Principe de « double-matérialité »


“La double-matérialité” est un des concepts phares de cette nouvelle directive. Il relève deux dimensions : la matérialité d’impact et la matérialité financière. Cela étend la matérialité au-delà du résultat financier net de l’entreprise (matérialité financière) pour inclure des dimensions à travers lesquelles l’entreprise a un impact significatif sur la société, d’une manière qui peut ne pas avoir d’impact direct sur les résultats de l’entreprise. Ces deux aspects sont souvent liés et dépendants.


Conclusion


Aujourd’hui, les informations communiquées par les entreprises semblent insuffisantes en termes d’évaluation d’impact. Les rapports extra-financiers précédents omettent souvent des éléments importants pour les investisseurs et les parties prenantes. D’autant plus que les informations collectées sont souvent difficiles à comparer d’une entreprise à une autre. En substance, cette nouvelle directive va aider les investisseurs, les sociétés civiles, les consommateurs et les parties prenantes à évaluer la capacité de durabilité des sociétés, à l’aune du Pacte Vert Européen. Elle vise plus de transparence, moins de greenwashing. Elle encadrera les rapports extra-financiers des entreprises en lien avec le développement durable. L’objectif est d’harmoniser le reporting de durabilité des sociétés et d’améliorer la disponibilité et la qualité des données Environnement, Social et Gouvernance (ESG) publiées. Assez contraignant en termes de procédure, les sociétés devront se préparer pour avoir le nombre de ressources suffisantes pour répondre lorsque ces normes s’appliqueront.



Références

Autorité des marchés financiers (AMF). (2023). La nouvelle directive CSRD sur le reporting de durabilité des sociétés.
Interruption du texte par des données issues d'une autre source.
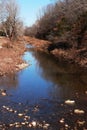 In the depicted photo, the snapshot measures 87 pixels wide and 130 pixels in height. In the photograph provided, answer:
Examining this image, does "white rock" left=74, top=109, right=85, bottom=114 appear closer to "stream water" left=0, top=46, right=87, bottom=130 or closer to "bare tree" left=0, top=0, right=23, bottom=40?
"stream water" left=0, top=46, right=87, bottom=130

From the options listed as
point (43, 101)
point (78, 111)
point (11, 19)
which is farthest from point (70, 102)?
point (11, 19)

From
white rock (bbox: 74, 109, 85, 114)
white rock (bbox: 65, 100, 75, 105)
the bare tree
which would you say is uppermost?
the bare tree

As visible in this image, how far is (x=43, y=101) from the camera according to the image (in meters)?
19.5

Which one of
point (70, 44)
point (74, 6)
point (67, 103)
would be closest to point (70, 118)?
point (67, 103)

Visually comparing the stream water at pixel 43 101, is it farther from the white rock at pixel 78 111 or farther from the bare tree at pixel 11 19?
the bare tree at pixel 11 19

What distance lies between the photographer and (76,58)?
135 ft

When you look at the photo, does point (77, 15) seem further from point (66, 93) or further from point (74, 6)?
point (66, 93)

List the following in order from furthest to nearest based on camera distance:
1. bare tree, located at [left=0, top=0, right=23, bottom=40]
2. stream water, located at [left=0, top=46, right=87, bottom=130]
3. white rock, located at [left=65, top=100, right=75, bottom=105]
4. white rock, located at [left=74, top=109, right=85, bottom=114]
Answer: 1. bare tree, located at [left=0, top=0, right=23, bottom=40]
2. white rock, located at [left=65, top=100, right=75, bottom=105]
3. white rock, located at [left=74, top=109, right=85, bottom=114]
4. stream water, located at [left=0, top=46, right=87, bottom=130]

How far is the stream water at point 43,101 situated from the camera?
1538 cm

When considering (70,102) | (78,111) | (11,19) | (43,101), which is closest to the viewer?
(78,111)

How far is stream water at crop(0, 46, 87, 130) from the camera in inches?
606

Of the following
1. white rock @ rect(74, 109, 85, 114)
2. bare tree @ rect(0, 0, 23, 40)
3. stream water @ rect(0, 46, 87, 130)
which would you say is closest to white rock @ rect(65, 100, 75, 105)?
stream water @ rect(0, 46, 87, 130)

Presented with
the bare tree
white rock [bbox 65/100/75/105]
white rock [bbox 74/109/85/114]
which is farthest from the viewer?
the bare tree

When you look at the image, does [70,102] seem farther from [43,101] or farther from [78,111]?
[78,111] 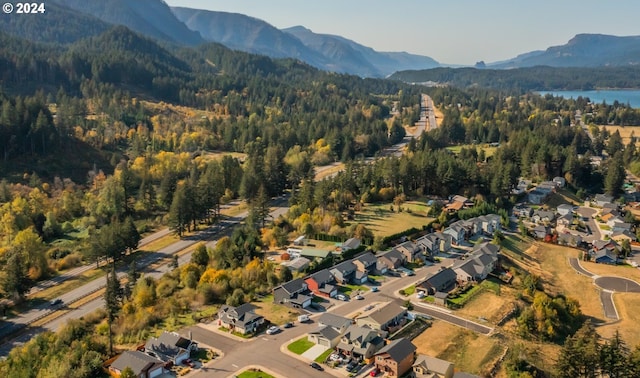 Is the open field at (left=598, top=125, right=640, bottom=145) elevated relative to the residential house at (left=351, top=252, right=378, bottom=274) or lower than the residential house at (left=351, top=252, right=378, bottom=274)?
elevated

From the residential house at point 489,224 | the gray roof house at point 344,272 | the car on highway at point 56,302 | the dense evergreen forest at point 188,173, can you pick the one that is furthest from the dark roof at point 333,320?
the residential house at point 489,224

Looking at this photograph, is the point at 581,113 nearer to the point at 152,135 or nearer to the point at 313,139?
the point at 313,139

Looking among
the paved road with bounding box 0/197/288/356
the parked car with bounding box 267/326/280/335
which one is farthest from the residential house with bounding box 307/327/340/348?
the paved road with bounding box 0/197/288/356

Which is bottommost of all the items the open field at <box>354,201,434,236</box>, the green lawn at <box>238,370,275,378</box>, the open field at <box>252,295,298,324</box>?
the open field at <box>252,295,298,324</box>

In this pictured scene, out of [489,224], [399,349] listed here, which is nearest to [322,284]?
[399,349]

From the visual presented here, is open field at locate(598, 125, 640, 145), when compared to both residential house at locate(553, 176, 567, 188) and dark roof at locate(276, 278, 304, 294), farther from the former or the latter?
Result: dark roof at locate(276, 278, 304, 294)

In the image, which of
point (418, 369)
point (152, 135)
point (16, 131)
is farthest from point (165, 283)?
point (152, 135) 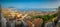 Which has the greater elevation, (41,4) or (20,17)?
(41,4)

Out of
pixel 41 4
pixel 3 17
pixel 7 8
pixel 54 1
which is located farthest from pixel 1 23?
pixel 54 1

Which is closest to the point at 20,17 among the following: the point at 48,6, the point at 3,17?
the point at 3,17

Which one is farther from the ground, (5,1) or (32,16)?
(5,1)

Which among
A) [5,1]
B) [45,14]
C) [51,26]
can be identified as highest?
[5,1]

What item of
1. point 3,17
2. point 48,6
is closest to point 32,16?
point 48,6

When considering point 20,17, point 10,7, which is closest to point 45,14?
point 20,17

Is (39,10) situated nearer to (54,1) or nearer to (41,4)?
(41,4)

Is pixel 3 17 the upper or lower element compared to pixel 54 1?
lower

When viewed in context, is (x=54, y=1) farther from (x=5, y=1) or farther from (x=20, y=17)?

European Comission. (2023). Corporate sustainability reporting.

European Parliament. (2022). Sustainable economy: Parliament adopts new reporting rules for multinationals.

European Parliament. (2022). Sustainable economy: Parliament adopts new reporting rules for multinationals.

Harvard Law School Forum on Corporate Governance. (2023). EU Finalizes ESG Reporting Rules with International Impacts.

Latham & Watkins. (2023). The EU Corporate Sustainability Reporting Directive — How Companies Need to Prepare.

Projets de normes de reporting de durabilité (ESRS) – avis technique de l’EFRAG, publié le 23 novembre 2022.